If the reader will permit, I will lean on a Christian philosopher of the twentieth century, basically unknown to people outside a very small sect of conservative “Reformed” Christians. In a section of A Christian View of Men and Things, Gordon H. Clark writes on “The Philosophy of Progress.”
Before Marx and Hegel recognized the need of a general philosophy of history, partial and desultory reflections had been accumulating for two hundred years. In seventeenth-century France the literary world, with little consciousness of the implications, began a debate, the echoes of which were still reverberating in 1827 when Victor Hugo published the Préface de Cromwell. The dispute concerned the relative merits of ancient and modern authors. One side maintained that the golden age was long past and that now the world could expect only literary senility.
The other side believed in progress. Perrault, the author of Mother Goose Stories and Fairy Tales, argued that the powers of nature have always been the same; oak trees are no less sturdy today than they were centuries ago; and consequently human ability to produce literature has not deteriorated. Not only is there no deterioration; there is progress. The purpose of literature is to please the human heart; a knowledge of the human heart therefore is necessary if an author is to succeed; and since knowledge increases by accumulation, it follows that Corneille, even if his powers of imagination were no greater than those of Homer or Sophocles, understood vengeance and jealousy better than the ancients, and so was able to construct superior plays. This restricted literary controversy initiated a broad examination of political and social history in general, with the result that a radically new worldview came to supplant the older ways of looking at things. Indeed, Marx himself was but one of the contributors to this development.

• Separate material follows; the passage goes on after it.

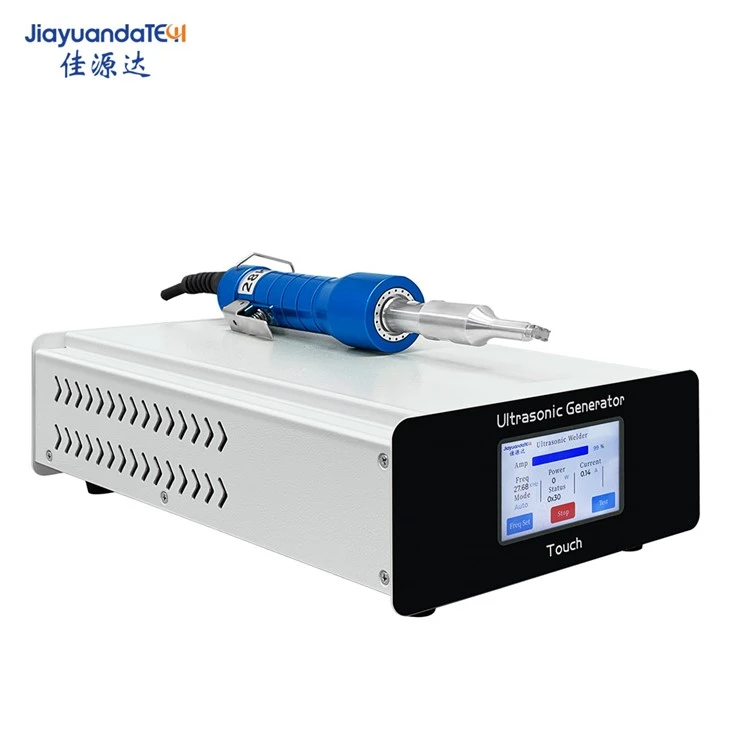Handtype Ultrasonic Spot Welder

Eventually, the philosophy of progress won the day and morphed into the modern framework for historical interpretation: things are better to the extent that they are generally later in time and while society and civilization have moments of struggle and moments of success, there can never be decline; humankind moves forward and improves over time as we become more enlightened and able to overcome the biases and bigotries of the old.
Indeed, as Gordon Clark explains of the Progress Thesis:
Since progress is a natural process, it must always have been in operation. Pendulums did not first begin to swing as indicated the year the law of the pendulum was discovered. Similarly, as long as human beings have existed, they must have been improving. There was therefore no ancient golden age, but, on the contrary, every succeeding generation advances beyond the preceding.
Accumulation of scientific information is not sufficient; there must be social and moral improvement as well.
Under this arrangement, under the interpretive framework that is upheld by the Western intelligentsia in our time, progress, not decline, is the defining characteristic of the historical grand meta narrative.
To rethink the world, one of the prerequisites is to rethink the Thesis of Progression; to consider that civilizational decline is possible and social improvement is not inevitable. But if the thesis is wrong and we are not guaranteed a future of social improvement, perhaps then the past has not followed this trajectory either. Perhaps we interpret the historical events in light of a framework that is complete nonsensical, perhaps even propagandistic. Is it any coincidence that it was a theorist in the victorious neoconservative political coup that declared democracy was “the end of history?” That the social socio-political framework had, under western democracy, been perfected?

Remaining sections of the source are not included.